*** The data ***
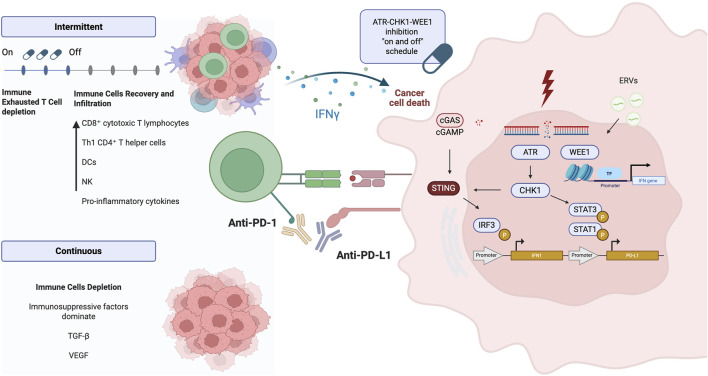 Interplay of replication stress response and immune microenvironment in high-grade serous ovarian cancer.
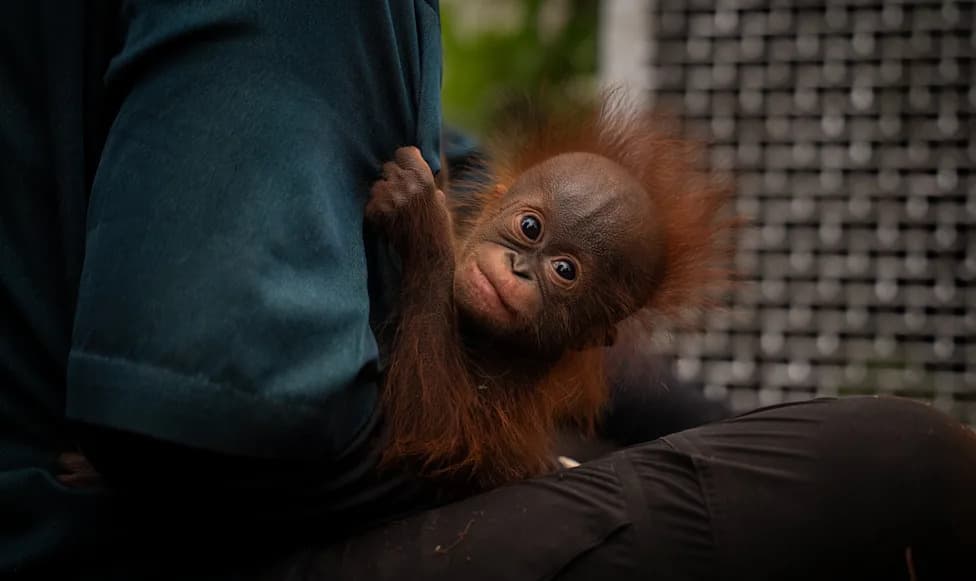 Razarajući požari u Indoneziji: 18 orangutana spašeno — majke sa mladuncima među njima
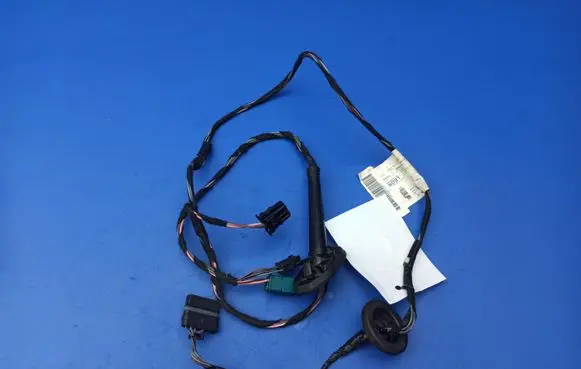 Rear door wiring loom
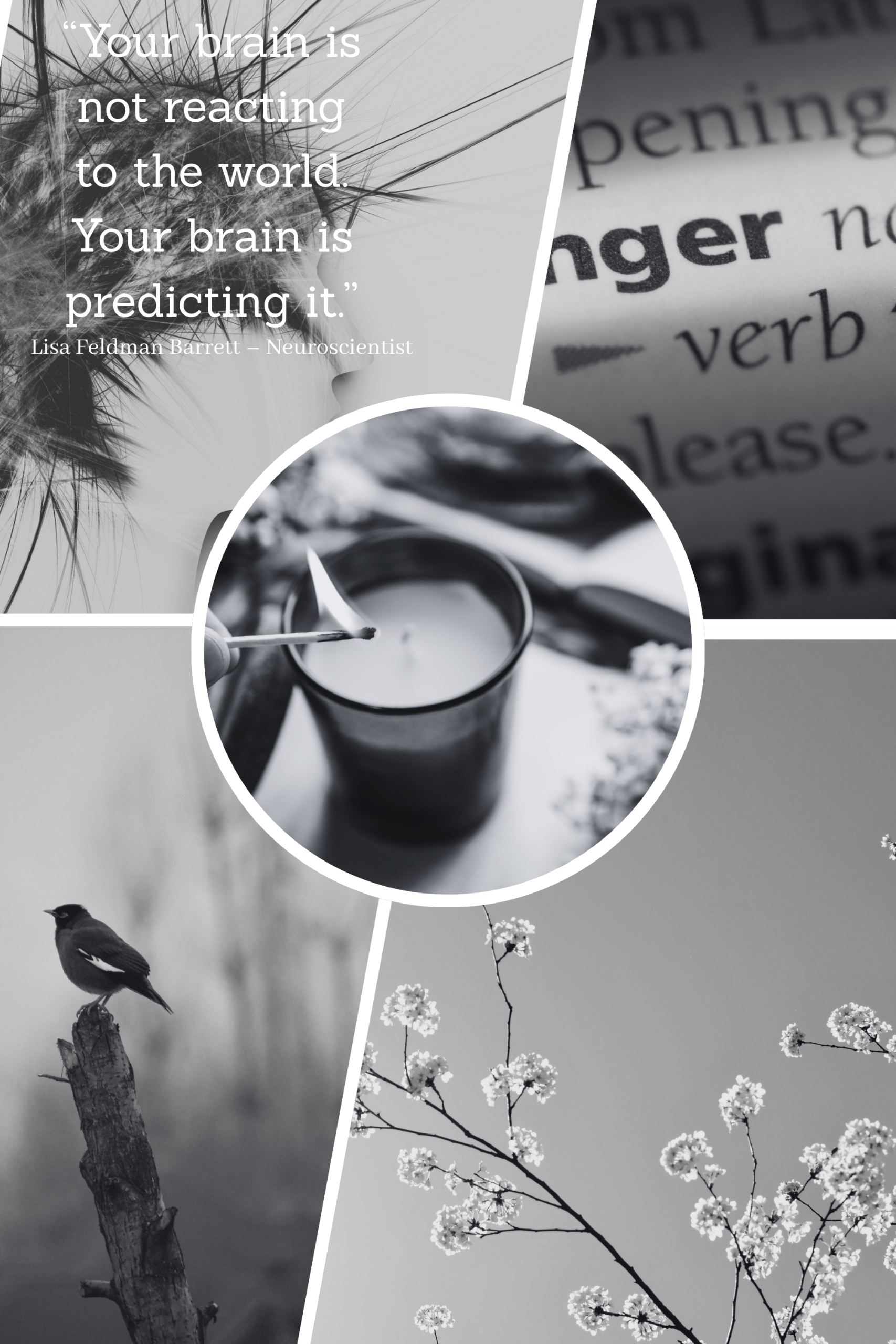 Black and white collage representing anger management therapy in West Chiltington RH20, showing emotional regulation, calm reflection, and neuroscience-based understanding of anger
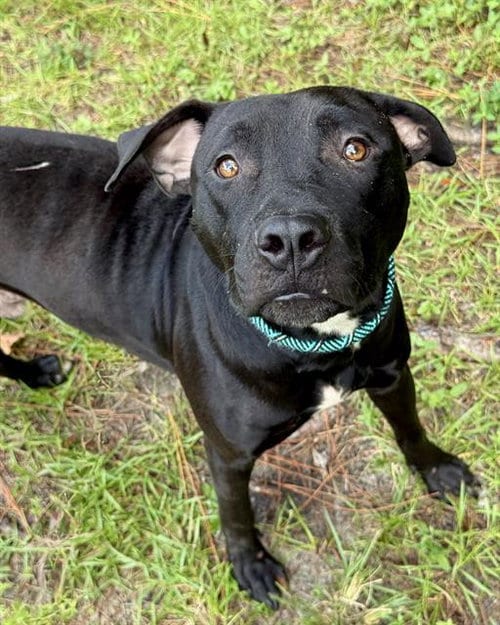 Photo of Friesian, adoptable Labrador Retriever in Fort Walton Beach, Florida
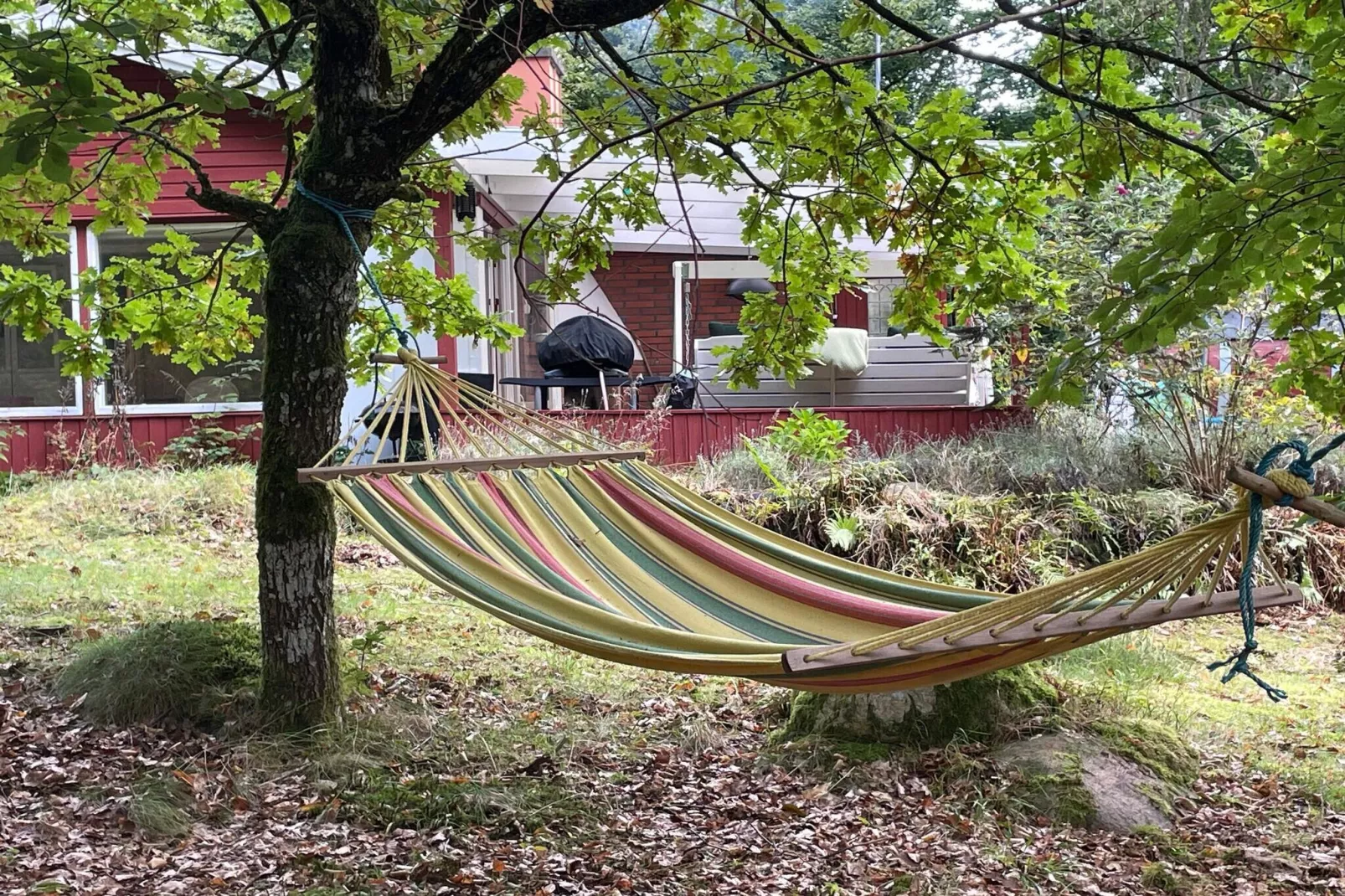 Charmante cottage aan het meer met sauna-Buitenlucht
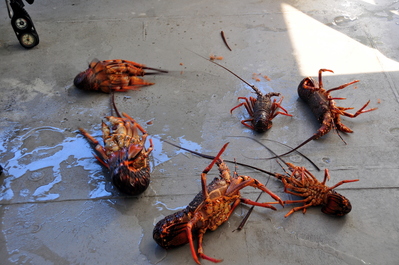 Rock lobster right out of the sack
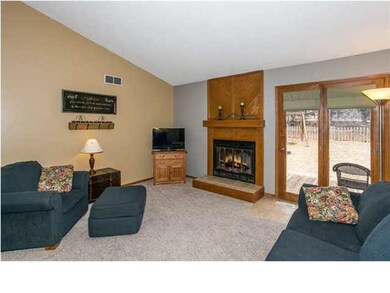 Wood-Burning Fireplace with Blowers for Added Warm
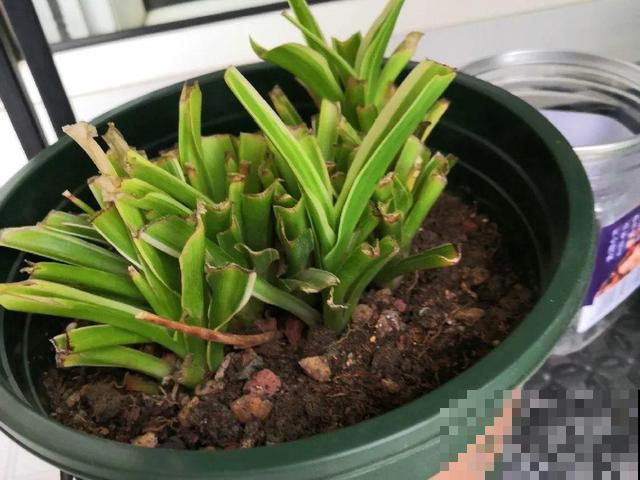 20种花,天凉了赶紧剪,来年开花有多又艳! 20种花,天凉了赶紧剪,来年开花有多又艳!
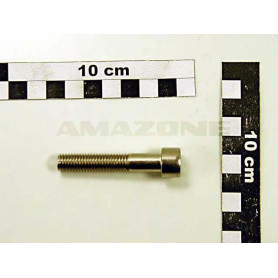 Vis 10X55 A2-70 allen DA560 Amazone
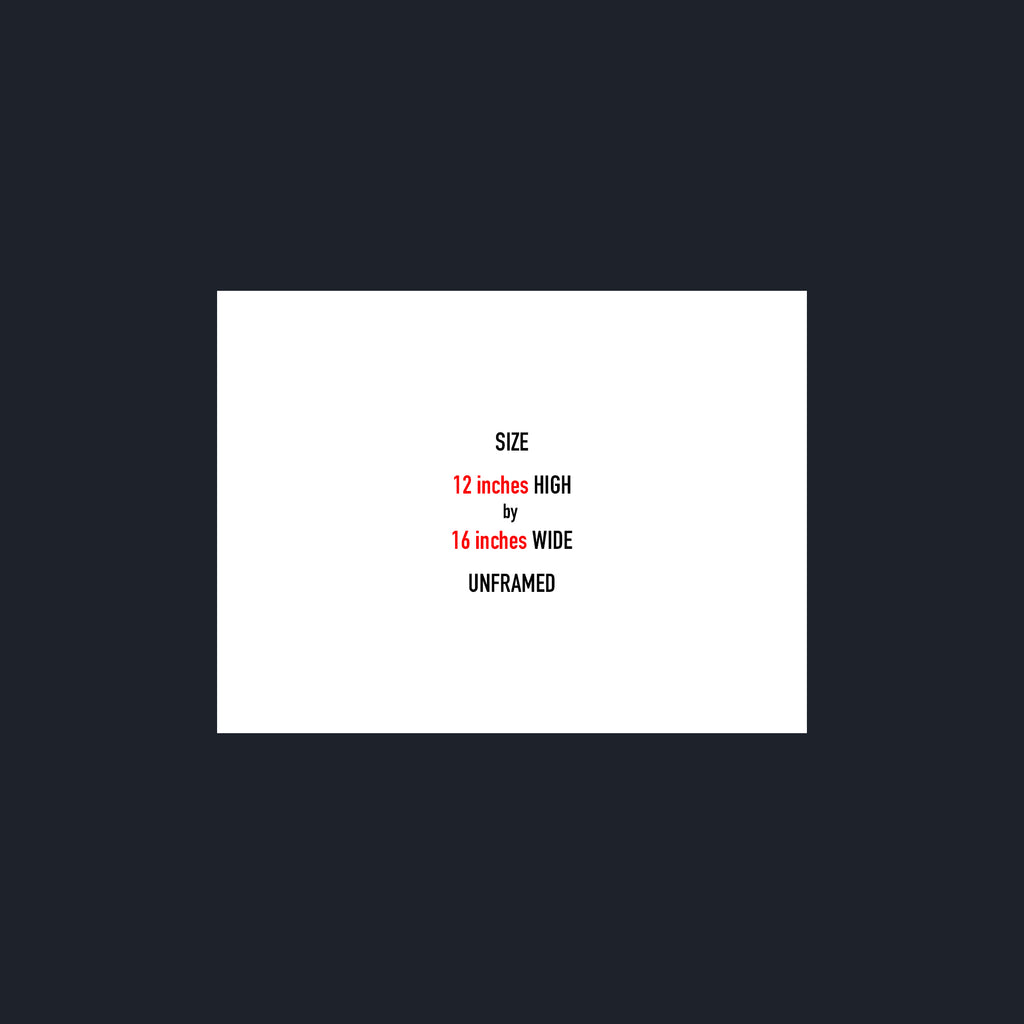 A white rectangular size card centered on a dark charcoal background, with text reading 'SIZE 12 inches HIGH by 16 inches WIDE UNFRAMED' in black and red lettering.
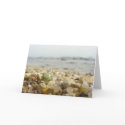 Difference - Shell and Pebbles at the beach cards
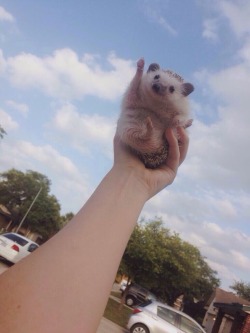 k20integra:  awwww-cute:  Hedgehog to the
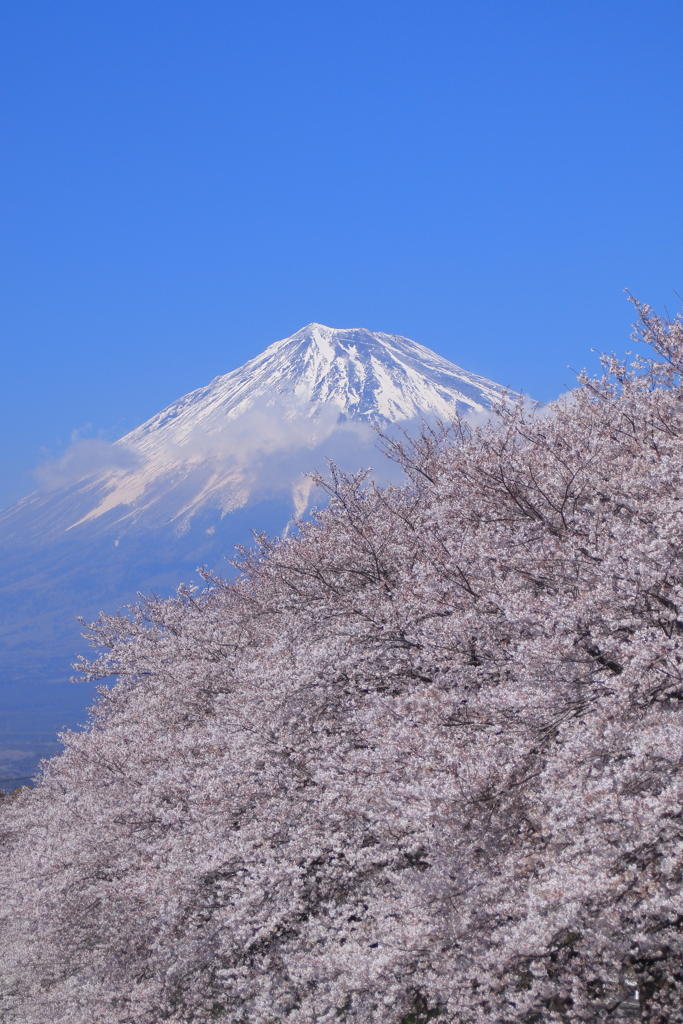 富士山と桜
***
Repeat each entry above exactly, passing over any images.

 Interplay of replication stress response and immune microenvironment in high-grade serous ovarian cancer.
 Razarajući požari u Indoneziji: 18 orangutana spašeno — majke sa mladuncima među njima
 Rear door wiring loom
 Black and white collage representing anger management therapy in West Chiltington RH20, showing emotional regulation, calm reflection, and neuroscience-based understanding of anger
 Photo of Friesian, adoptable Labrador Retriever in Fort Walton Beach, Florida
 Charmante cottage aan het meer met sauna-Buitenlucht
 Rock lobster right out of the sack
 Wood-Burning Fireplace with Blowers for Added Warm
 20种花,天凉了赶紧剪,来年开花有多又艳! 20种花,天凉了赶紧剪,来年开花有多又艳!
 Vis 10X55 A2-70 allen DA560 Amazone
 A white rectangular size card centered on a dark charcoal background, with text reading 'SIZE 12 inches HIGH by 16 inches WIDE UNFRAMED' in black and red lettering.
 Difference - Shell and Pebbles at the beach cards
 k20integra:  awwww-cute:  Hedgehog to the
 富士山と桜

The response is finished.